Faut-il limiter l'usage des écrans par les enfants, comme le préconise le récent rapport remis à Emmanuel Macron ? Pourquoi Threads dépasse-t-il X aux Etats-Unis ? Deux sujets abordés dans ce nouvel épisode du Debrief Transatlantique avec Bruno Guglielminetti (Mon Carnet).
Un rapport remis récemment à Emmanuel Macron souligne la nécessité de protéger les jeunes des effets néfastes de l'usage excessif des appareils électroniques. Des mesures sont attendues dans un mois. Parallèlement, ce rapport est l'occasion d'un débat sur les effets réels sur le développement et l'âge à partir duquel les enfants peuvent être confrontés aux contenus en ligne.
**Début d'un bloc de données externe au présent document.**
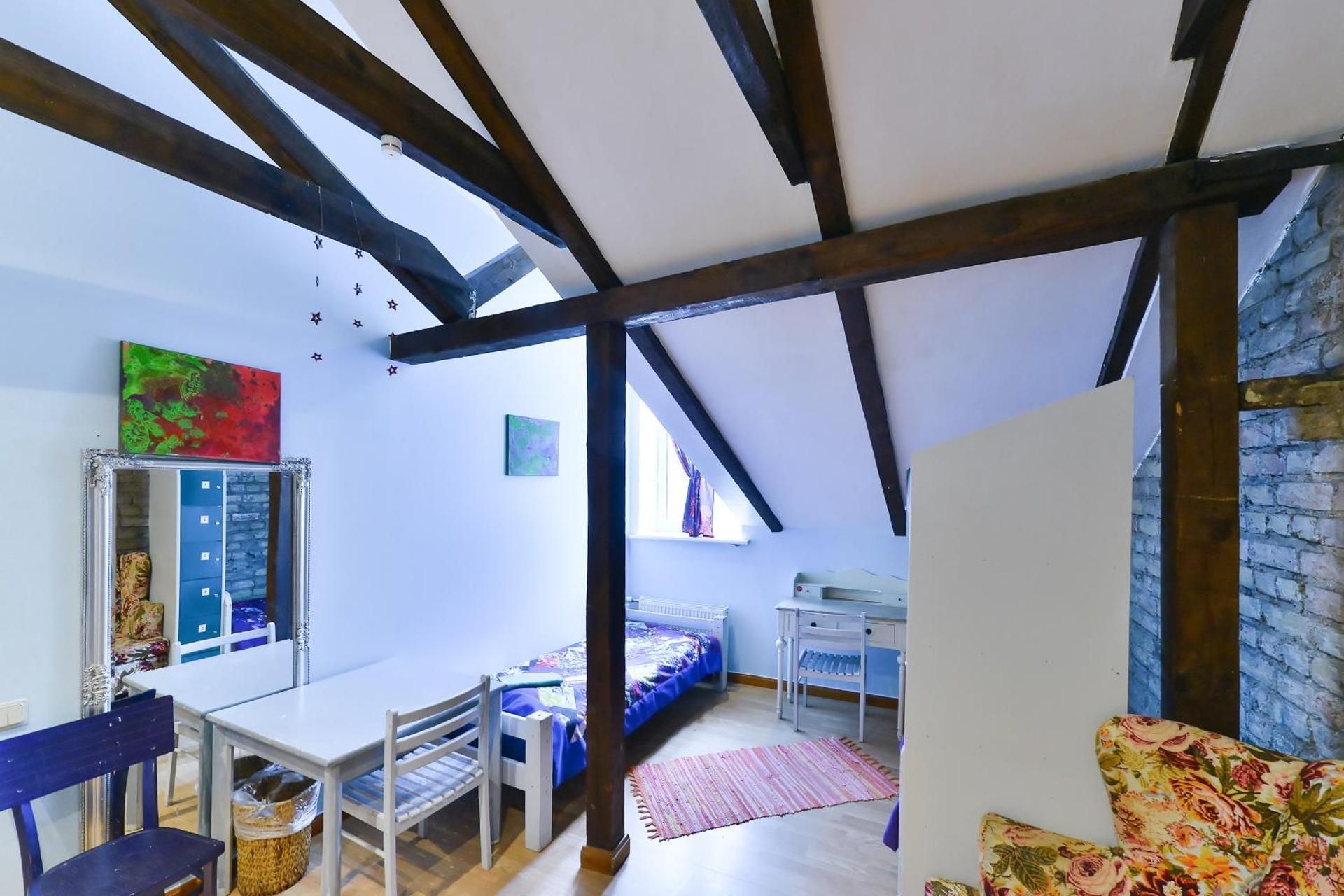 Quadruple Room with Shared Bathroom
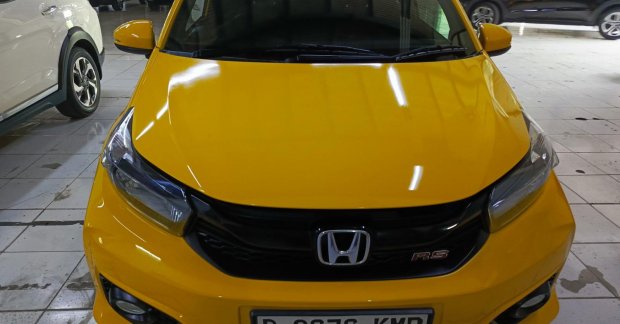 Brio Rs Kuning 2020. 2020 Honda Brio RS Kuning - Jual mobil bekas di DKI Jakarta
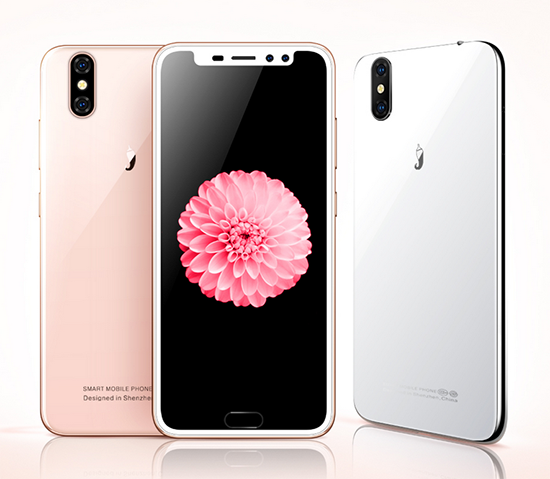 這些寨廠真會玩！又一款安卓版iPhone X入網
Nous abordons également l'essor de l'application Threads aux États-Unis, qui dépasserait désormais l'audience de X. Un phénomène qui s'explique notamment par le lien du nouveau réseau social avec Instagram. Cependant, malgré un potentiel marketing certain pour les professionnels des médias sociaux, Threads comporte encore des lacunes techniques.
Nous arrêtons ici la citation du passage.